***** EXERCISE INPUT *****

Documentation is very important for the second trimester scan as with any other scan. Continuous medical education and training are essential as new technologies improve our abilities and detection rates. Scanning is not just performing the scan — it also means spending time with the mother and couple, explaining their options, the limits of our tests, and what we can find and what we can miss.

*****
***** EXERCISE INPUT *****

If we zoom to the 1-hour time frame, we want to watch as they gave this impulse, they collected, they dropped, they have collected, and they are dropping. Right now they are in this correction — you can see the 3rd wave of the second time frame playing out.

*****
***** EXERCISE INPUT *****

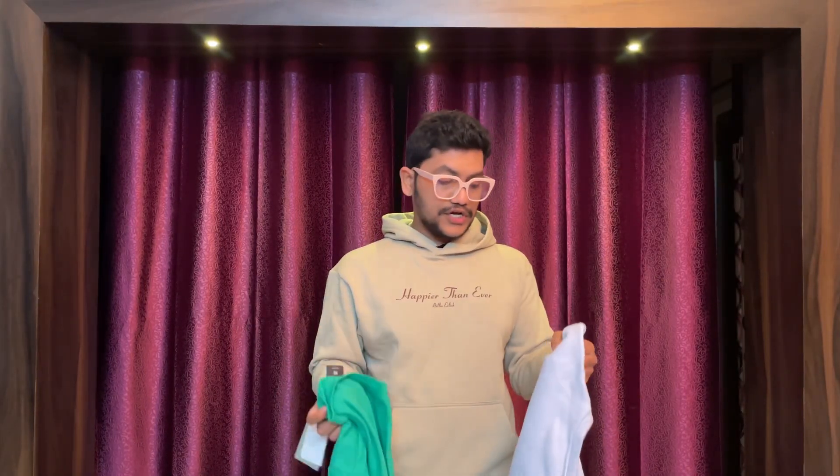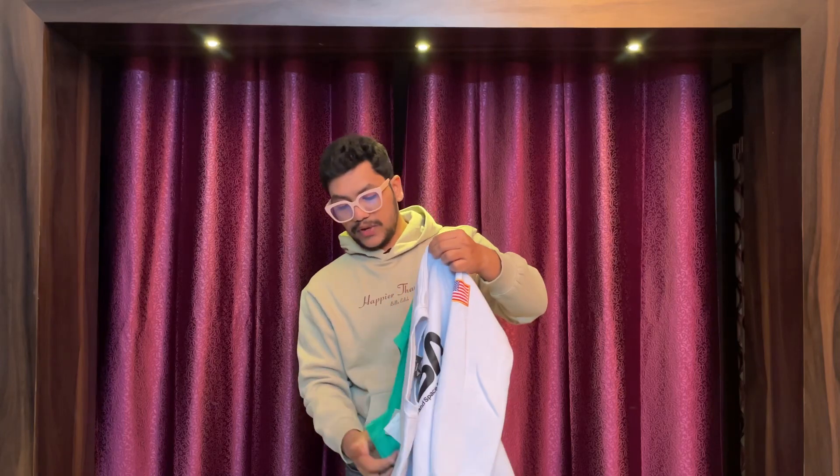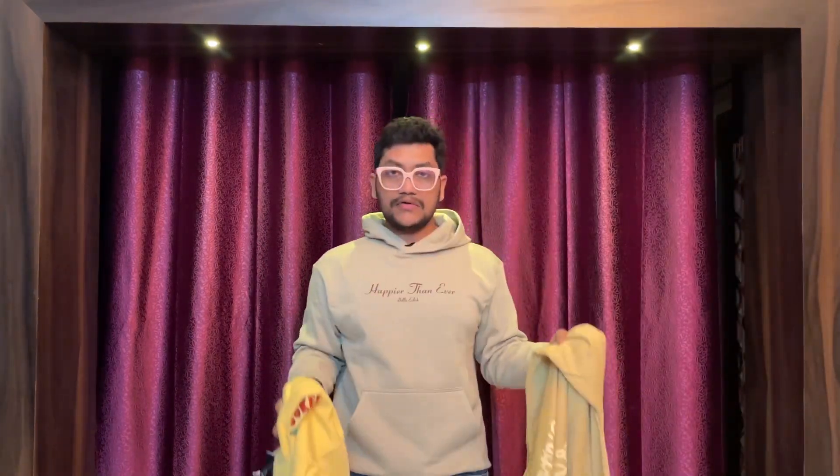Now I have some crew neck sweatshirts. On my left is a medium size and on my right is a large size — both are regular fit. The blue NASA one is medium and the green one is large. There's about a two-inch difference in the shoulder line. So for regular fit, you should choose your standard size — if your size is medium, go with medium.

*****

# ACTIVITY
Extract all lines from the data in which "second" is found.

# WRITTEN ANSWER
Documentation is very important for the second trimester scan as with any other scan. Continuous medical education and training are essential as new technologies improve our abilities and detection rates. Scanning is not just performing the scan — it also means spending time with the mother and couple, explaining their options, the limits of our tests, and what we can find and what we can miss.
If we zoom to the 1-hour time frame, we want to watch as they gave this impulse, they collected, they dropped, they have collected, and they are dropping. Right now they are in this correction — you can see the 3rd wave of the second time frame playing out.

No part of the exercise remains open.